Time - 2:00pm to 5:00pm

A donation of $8 per person and $15 per couple to cover the meeting costs.  If we do not have 20 people attending we will require a couple of $ extra from each participant to ensure that we can pay for the room rental.

We will need an MC for the meeting and some projection equipment for our presenters to use. I have a PC which I will bring this time!

Eira and I will bring some white wine and dessert tray. We would be grateful if other members could help with some refreshments.

The proposed agenda for the meeting is:-

2:00 - 30 minutes to mingle

2:30 - Welcome, comments from the previous meeting (if any), self introduction of all couples (recent exchanges, favorite places to visit/exchange, TUG 'handle', etc.)

3:00 – TBD

3:30 – TBD

4:30 - Another 30 min. to mingle

5:00 – End of meeting           

Please let me know if you have an item that you want to include in our meeting.

If you plan to attend please let us know, so that we can have seating and refreshments for the appropriate number of people.   

 Roy & Eira


----------



## johnny buck (Mar 17, 2018)

I am a new TUG member and timeshare owner in Gr Cayman. I plan to attend the April 2018 meeting, alone.
John Howard


----------



## Dori (Mar 22, 2018)

We’ll see you there!

Dori


----------



## johnny buck (Mar 24, 2018)

Roy&Eira1 said:


> Hi Everyone,
> 
> Our next meeting is a month away and will be at:-
> 
> ...


----------



## Roy&Eira1 (Apr 7, 2018)

Thank you for your replies and support. Unfortunately we have received only confirmation from  a dozen people that they plan to attend our meeting.  Since we require at least 20 to cover the cost of renting our meeting location we must cancel the April 15, 2018 meeting.

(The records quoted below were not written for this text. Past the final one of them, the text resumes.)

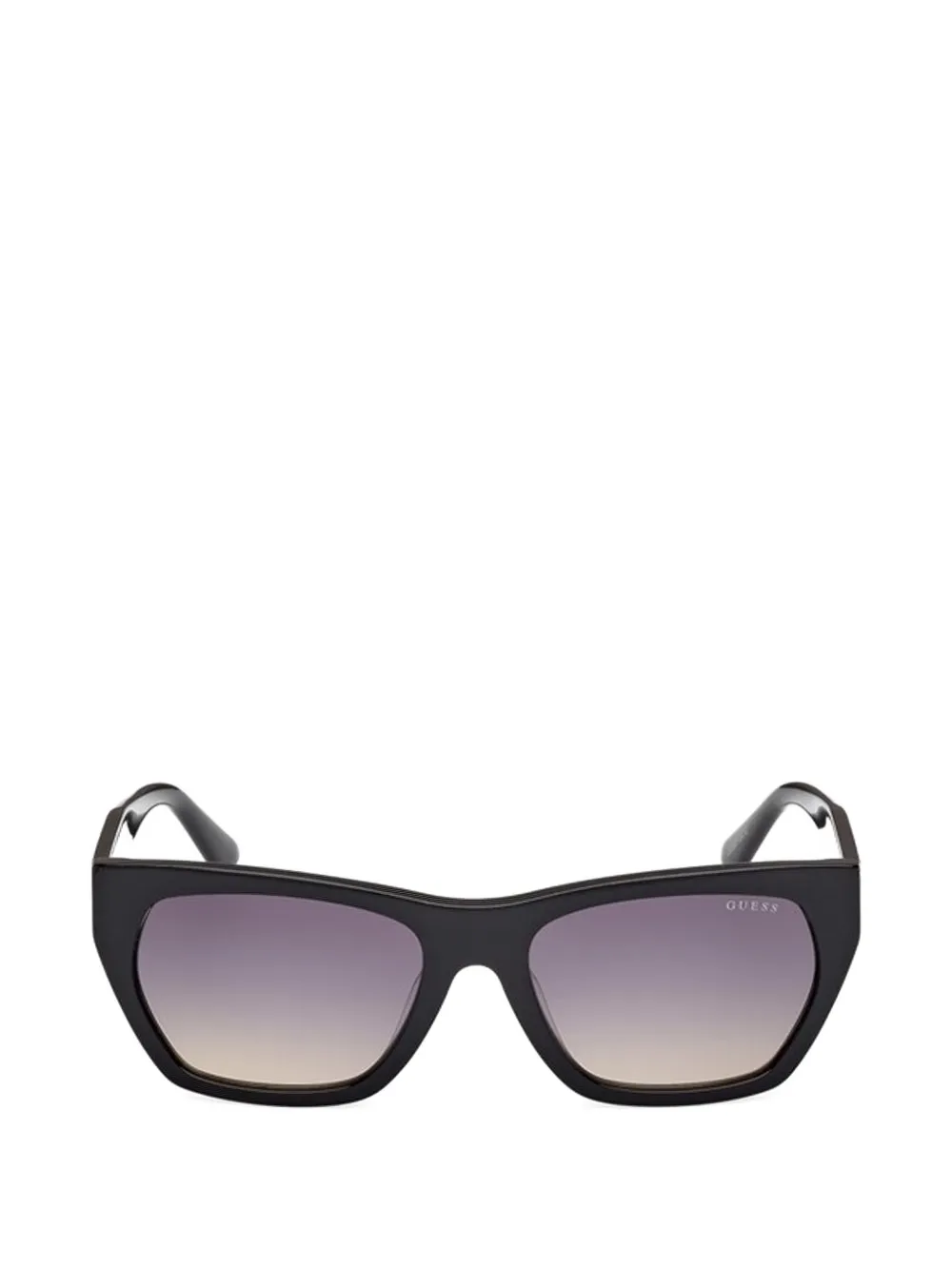 GUESS USA logo-plaque rectangle-frame sunglasses - Nero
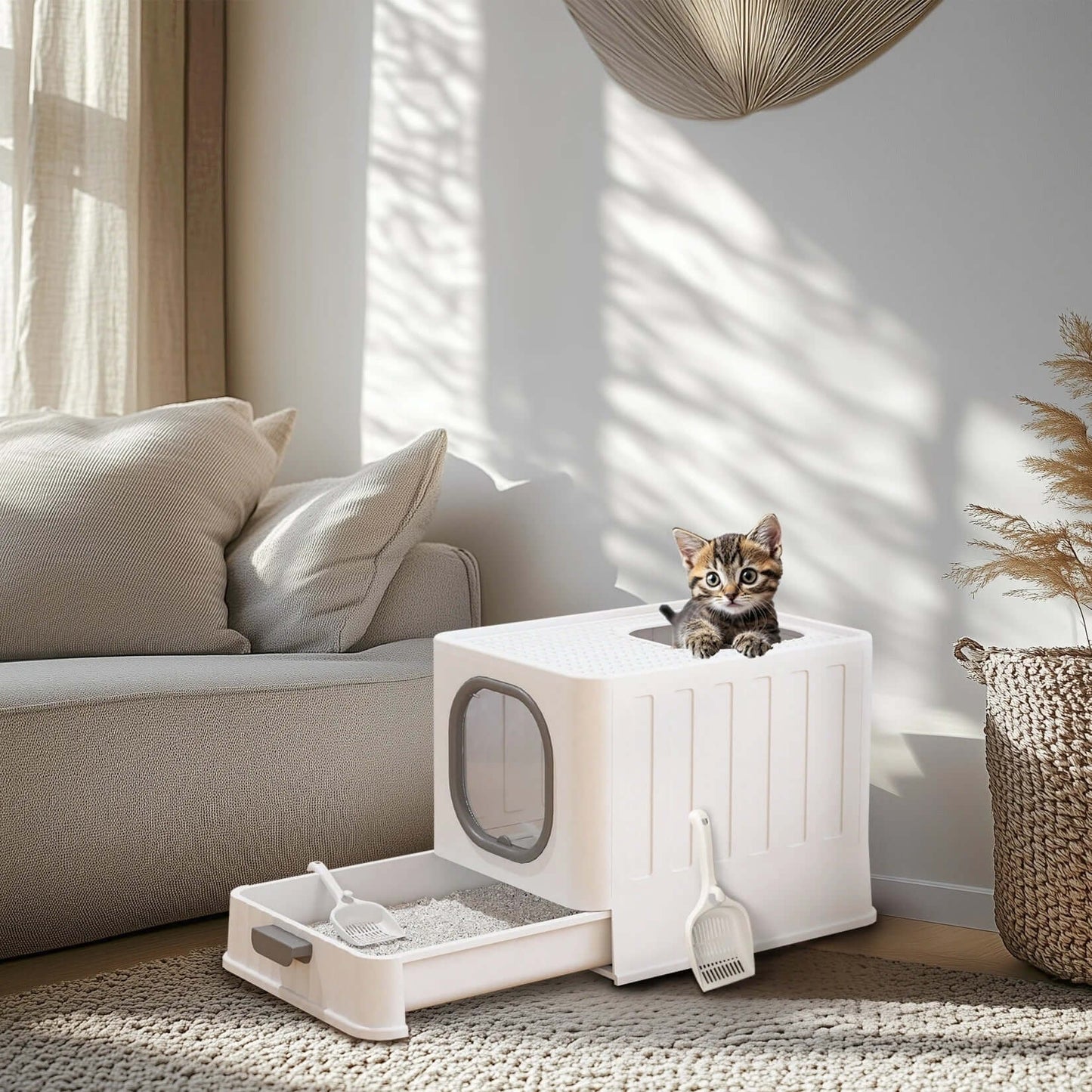 Maison de toilette chat | Le Jardin Secret du Chatâą - Transportdodochat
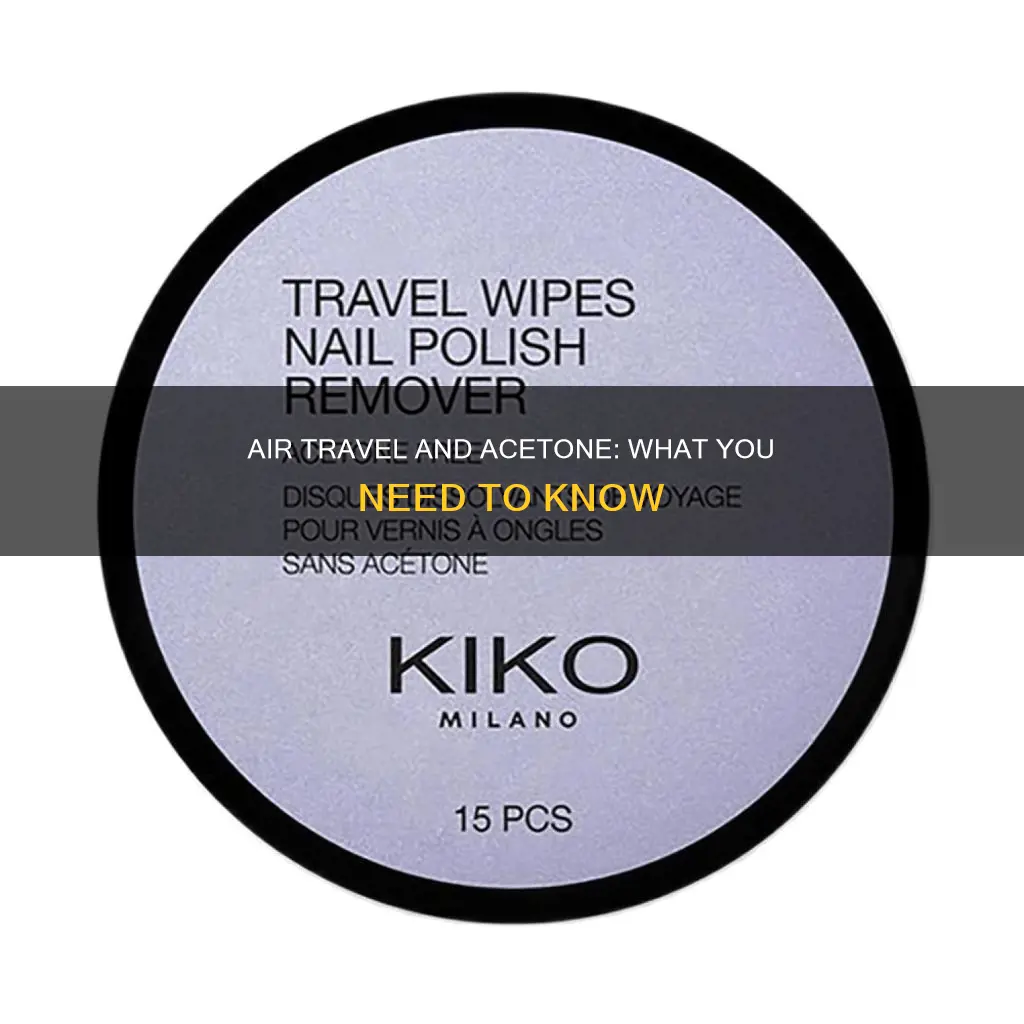 can i take acetone nail polish remover on a plane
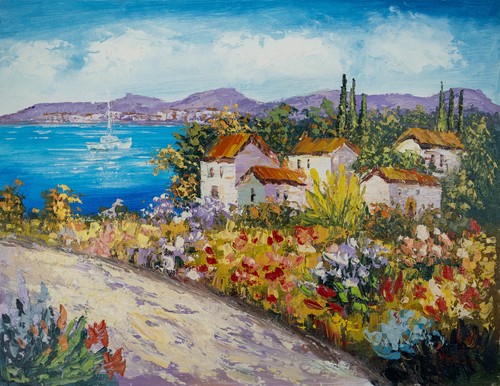 ölgemälde 30x40 - Ölgemälde,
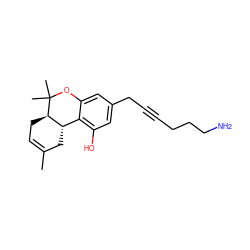 CC1=CC[C@@H]2[C@@H](C1)c1c(O)cc(CC#CCCCN)cc1OC2(C)C ZINC000013557673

We will try to schedule something in the fall of 2018.

Enjoy your summer.

Yours

Roy & Eira.


----------



## moonstone (Apr 15, 2018)

It is a good job (but unfortunate) the meeting has been cancelled with the weather Toronto and area is getting today. I think many people would have cancelled at the last minute.  We had intended to go but were asked to babysit the grandkids for a few days so our DiL could accompany our DS at a work conference out of town.

We will try for the fall one, if we aren't on our annual Florida trip.

~Diane


----------



## T-Dot-Traveller (Apr 15, 2018)

Roy&Eira1 said:


> Thank you for your replies and support
> 
> We will try to schedule something in the fall of 2018.
> Enjoy your summer
> Roy & Eira.



I too will try to come fall 2018


----------